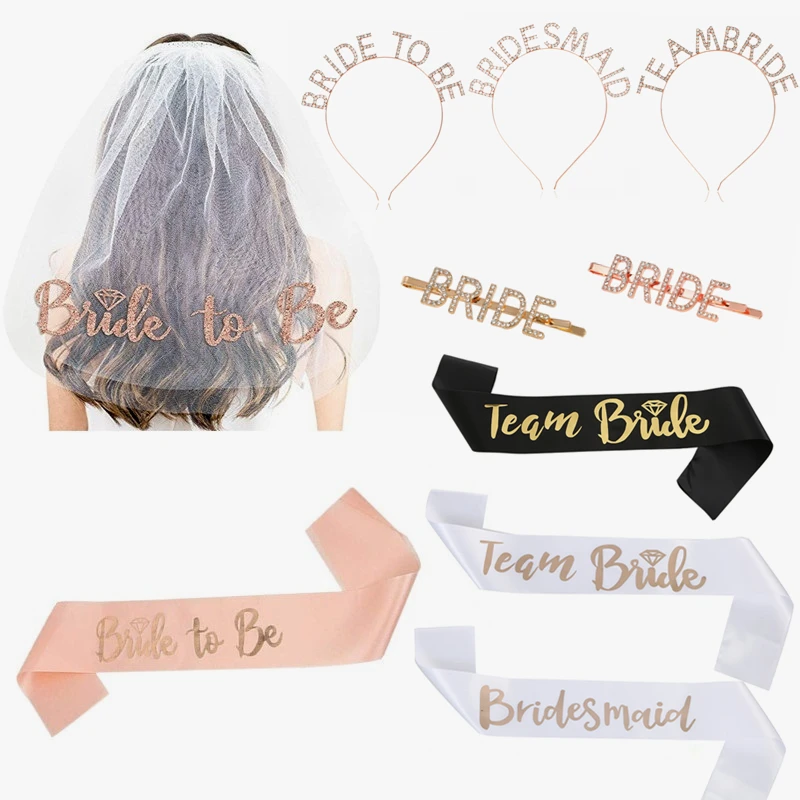 

Bride To Be Sash Wedding Decoration Bridal Shower Team Bride To Be Satin Sash Bachelorette Party Hen Party Decoration Supplies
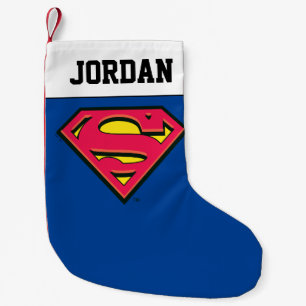 Meia De Natal Pequena Super-Homem Logotipo clássico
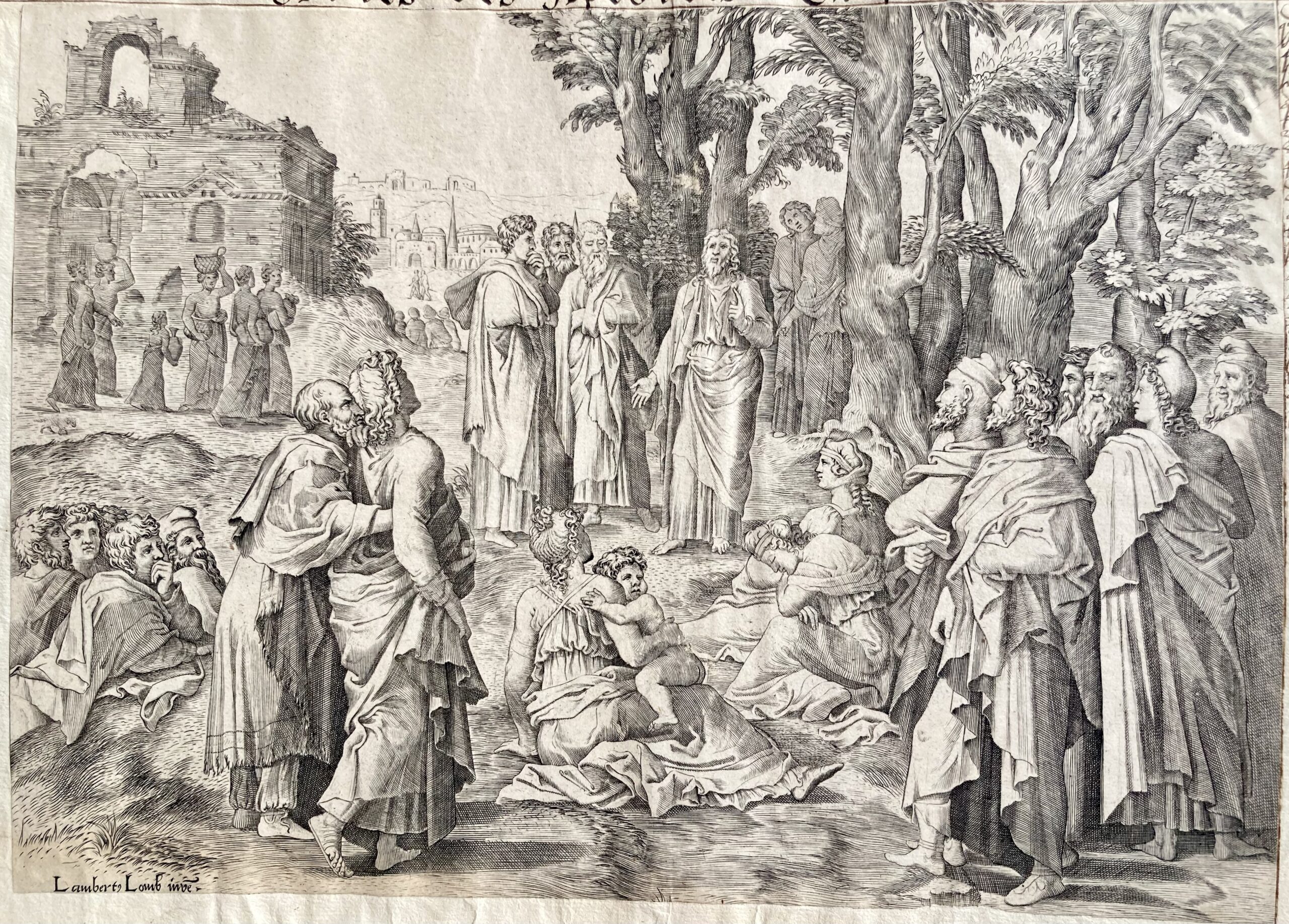 d'après Lambert LOMBARD - Le Christ prêchant, ca 1550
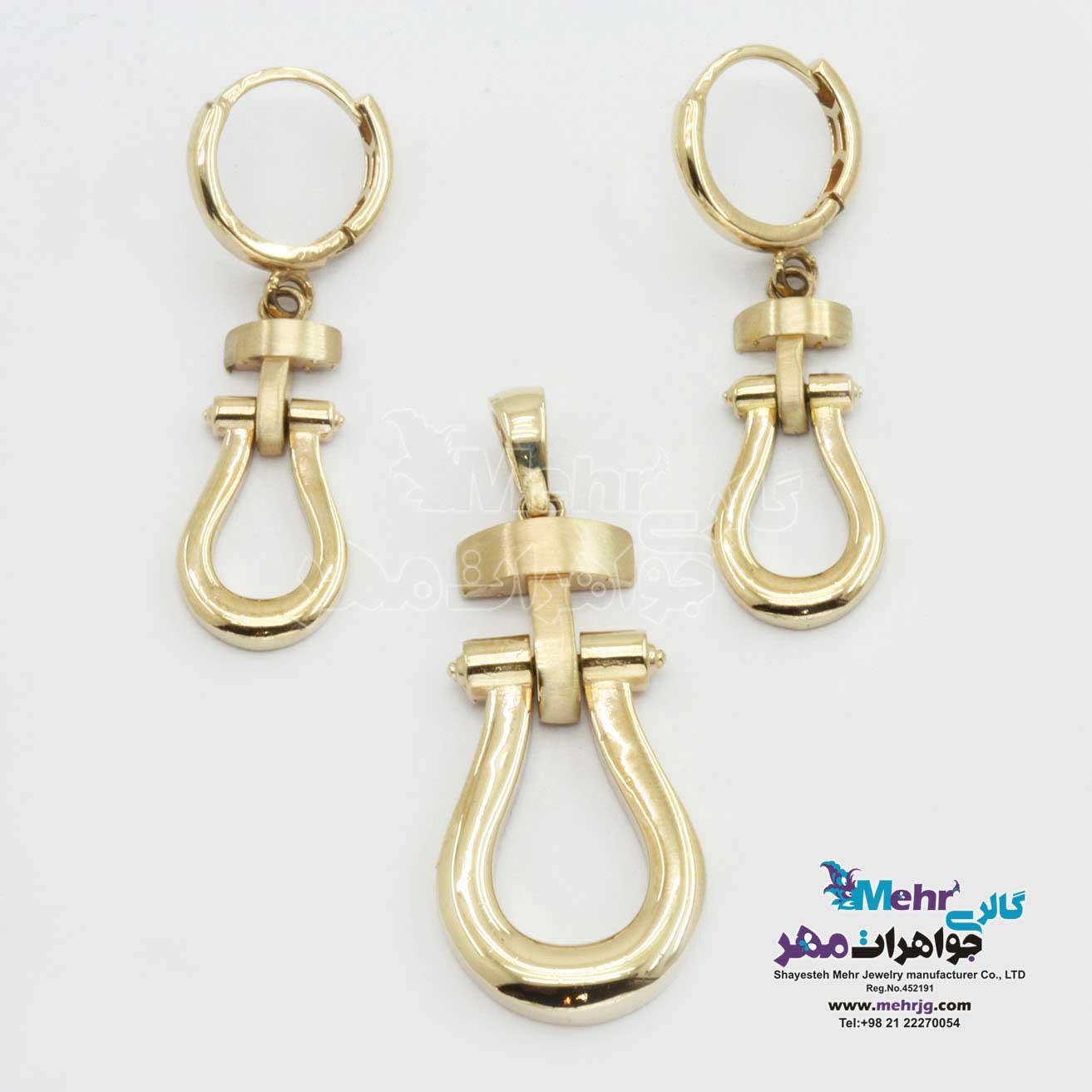 نیم ست طلا - آویز و گوشواره - طرح دیوید یورمن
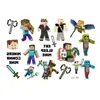 Comercio Transfronterizo Minecraft Juego de Bloques Tatuajes Temporales Calcomanías de Transferencia de Agua Desechables Calcomanías para Fiesta de Cumpleaños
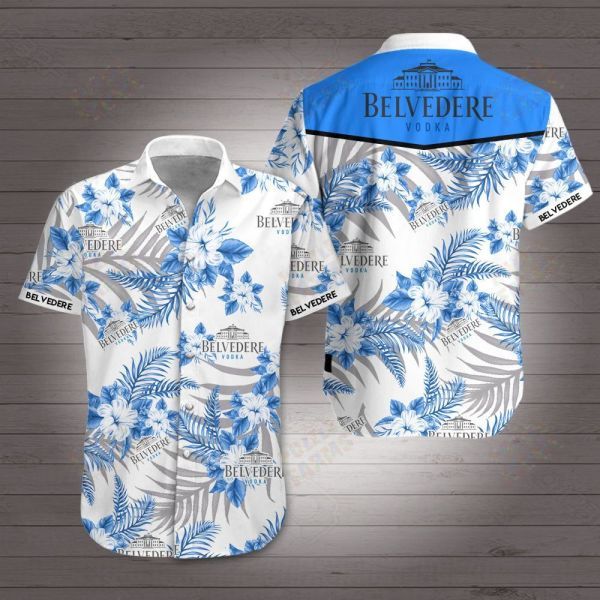 Belvedere Vodka Hawaiian Shirt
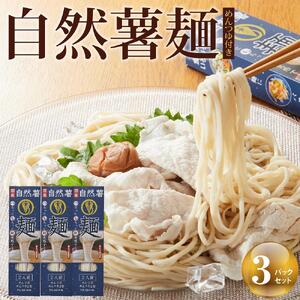 自然薯麺 めんつゆ付き３パックセット
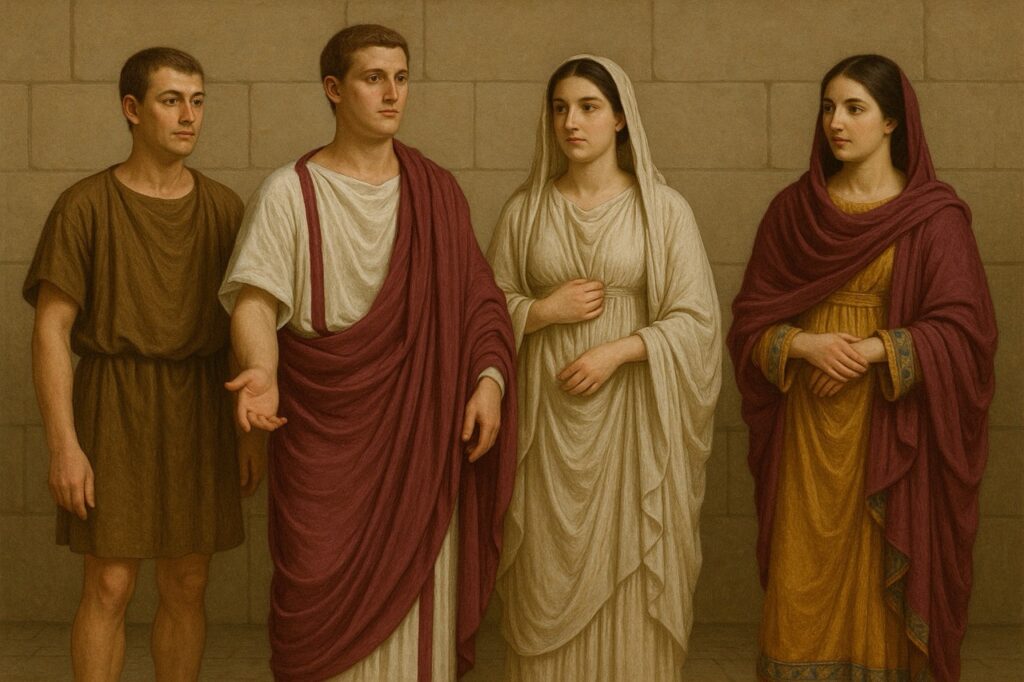 Usos públicos de la vestimenta romana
++++++++++++++++++++
__WHAT YOU HAVE TO DO__. Without the pictures, reproduce every entry exactly as written.

__TASK ANSWER__.
Bride To Be Sash Wedding Decoration Bridal Shower Team Bride To Be Satin Sash Bachelorette Party Hen Party Decoration Supplies
 Meia De Natal Pequena Super-Homem Logotipo clássico
 d'après Lambert LOMBARD - Le Christ prêchant, ca 1550
 نیم ست طلا - آویز و گوشواره - طرح دیوید یورمن
 Comercio Transfronterizo Minecraft Juego de Bloques Tatuajes Temporales Calcomanías de Transferencia de Agua Desechables Calcomanías para Fiesta de Cumpleaños
 Belvedere Vodka Hawaiian Shirt
 自然薯麺 めんつゆ付き３パックセット
 Usos públicos de la vestimenta romana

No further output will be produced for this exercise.